A week ago, in an address to the Israeli parliament, Netanyahu dropped hints of a fresh move when he emphasized Israel’s large settlement blocs as core requirements for peace -- implying he'd be willing to cede control over other settlements in the West Bank.
But that was quickly overshadowed by a public clash with President Obama over his endorsement of the 1967 line as a basis for negotiations as well as an Israeli announcement of new Jewish neighborhoods in disputed parts of Jerusalem.
Make-or-break speech for Netanyahu
Analysts believe the unprecedented public confrontation with Obama was initiated by Netanyahu to shore up political support back in Israel, but note that it carries the risk of alienating the US administration. The stakes will be even higher today when Netanyahu goes before the Republican-controlled House; Israeli newspapers portrayed it as a make-or-break speech for Netanyahu’s career at home and abroad.
"He is trying to go over Obama’s head. He is embroiling himself, and trying to use a domestic American sphere to make his case," says a Western diplomat based in Jerusalem."He has allowed [Israel] to be painted as the refuser, as the one who is saying no. Usually it’s the Palestinians that play that role."
To be sure, many in Israel don’t believe that a final status peace agreement with the Palestinians is possible at present because the gaps between the sides are too large. But that doesn’t excuse an Israeli prime minister from suggesting his own plan, says Shlomo Avineri, a political science professor at Hebrew University and a former director general for the Israeli Foreign Ministry.
"Between the status quo and the final status agreement there are a whole list of steps that can be taken," says Mr. Avineri, adding that Netanyahu's passiveness is not unique; Israeli prime ministers in the past four decades have generally lacked will and power to embark on dramatic initiatives. "The alternative is not doing anything and hoping for a utopian final status agreement. This would be not helpful because Israel should not appear as being passive and leaving the initiative to others.’’

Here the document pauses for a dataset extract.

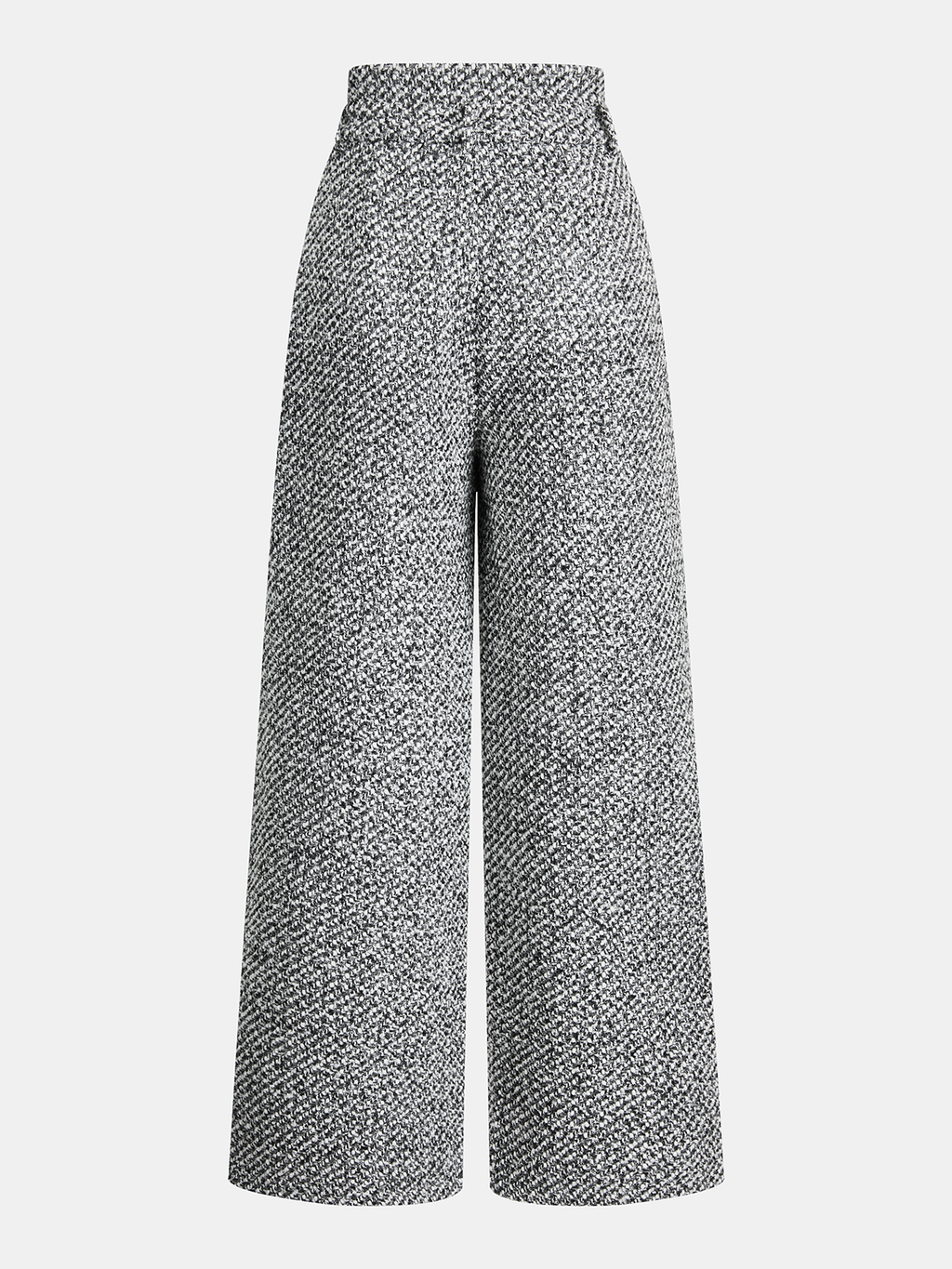 Gray wide-leg, high-waisted wool-blend tweed trousers with a double waistband and herringbone pattern.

Many Israelis see peaceniks and settlers alike as reckless, impatient
The impatience with Netanyahu also comes from core supporters. While they applauded his rejection of returning to the 1967 borders, they want the prime minister to annex West Bank settlements to Israel in response to the Palestinian move.

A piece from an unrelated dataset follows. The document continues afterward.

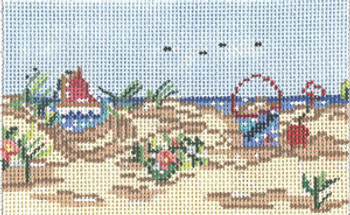 COL561A Beach Scene 3X5 18 Mesh Cooper Oaks Designs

"If you believe that you have the right to annex Judea and Samaria because it's your land, then what are you waiting for?’’ says Yishia Fleisher, director of Kumah.org, an organization which promotes Jewish settlement in the West Bank and Jerusalem. "Why does Israel always to have to always be reactionary?"
But Mr. Halevy argues that Netanyahu’s perceived inaction doesn’t bother the average Israel, and instead reflects widespread disillusionment from ideological movements at opposite ends of the political spectrum that have fallen from popularity.
"Many other Israelis have reached the opposite conclusion: that the recklessness of both the peace movement and the settlement movement, both of which believed that they could bring peace and security to Israel, and instead brought the opposite. For them that’s what brought us to the dead end that we’re in."